We called it: In October, we revealed that the Playboy mansion -- home to Hugh Hefner and the site of epic parties back in the day -- is in need of major renovations. Now, if a new report from TMZ is to be believed, it looks like Hef is finally ready to throw in the towel: Within a month, the crumbling 6-acre estate will be up for sale.
In spite of the 29-room (six-bedroom) Beverly Hills mansion's decrepit condition, its owner, Playboy Enterprises, hopes to sell it for north of $200 million. Plus, the buyer will have to grapple with another huge catch: According to TMZ, the buyer will have to grant 89-year-old Hef a "life estate," which means he can continue living there until death parts him from his beloved bachelor pad.
Ummm … who the heck wants to buy a home with someone living in it? Strange as it may seem, "life estate" arrangements are as old as the hills.
"Life estates go way back to the earliest roots of the common law, and they are great for providing for someone to live in his or her own home until death," says David Reiss, research director at the Center for Urban Business Entrepreneurship at Brooklyn Law School. "Effectively, a life estate grants the [original owner] many of the indicia [characteristics] of full ownership for the rest of his life. Upon death, complete ownership of the property can pass to another. A common example would be where a husband bequeaths a life estate in the home to his wife, with the remainder to his children upon her death."
But Hefner's deal differs in one key way: He's not bequeathing his home to family members or even a deserving Playboy bunny, but to an as-yet unknown third party who'll be forking over millions to move in once Hef passes on.
"This seems like a version of a reverse mortgage, because it frees up equity in the home during the owner's lifetime without interfering too much with his use and enjoyment of the property," Reiss continues.
But this privilege will likely drag down the asking price, a lot. While the listing price may be $200 million, most experts say that $80 million to $90 million is more realistic.
"The life estate would likely significantly reduce the fair market of the property, because the purchaser must defer taking possession as well as other aspects of ownership -- renovating it, for example -- until the death of the life tenant," Reiss says. "Moreover, the purchaser must deal with the uncertainty of the life estate: Will it end in a year or in 10 years?"

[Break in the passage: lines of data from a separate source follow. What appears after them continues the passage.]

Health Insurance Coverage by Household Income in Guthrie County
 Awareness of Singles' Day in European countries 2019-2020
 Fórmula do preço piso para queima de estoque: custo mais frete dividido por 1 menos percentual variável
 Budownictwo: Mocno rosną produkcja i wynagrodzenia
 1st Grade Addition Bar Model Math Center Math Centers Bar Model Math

And aside from these uncertainties, there's the question of liability. Without adequate legal protection, the owner could be responsible for any damage to the property or its inhabitants. Granted, Hef is 89 and probably passes his days playing chess, but if Playboy bunnies continue to hop in and out, anything could happen.
"What if there's a fire and the place burns down? What if Hefner falls down and breaks his hip?" asks Wendy Flynn, a Realtor in College Station, TX. "After all, it is known as a party house."
All in all, if you're salivating for a piece of Playboy history, make sure to man up your legal team to protect you from all that could go wrong before you're able to take possession. And even though the mansion is a decent candidate for a tear-down, "don't start spending money on plans for the property," Reiss adds.
Even though Hef is already past the average U.S. male's life expectancy of 84.3, "a lot can happen before possession of the property is actually conveyed."
Still, if you've got deep reserves of cash and patience, you could be rewarded with a grotto of your very own -- playmates not included.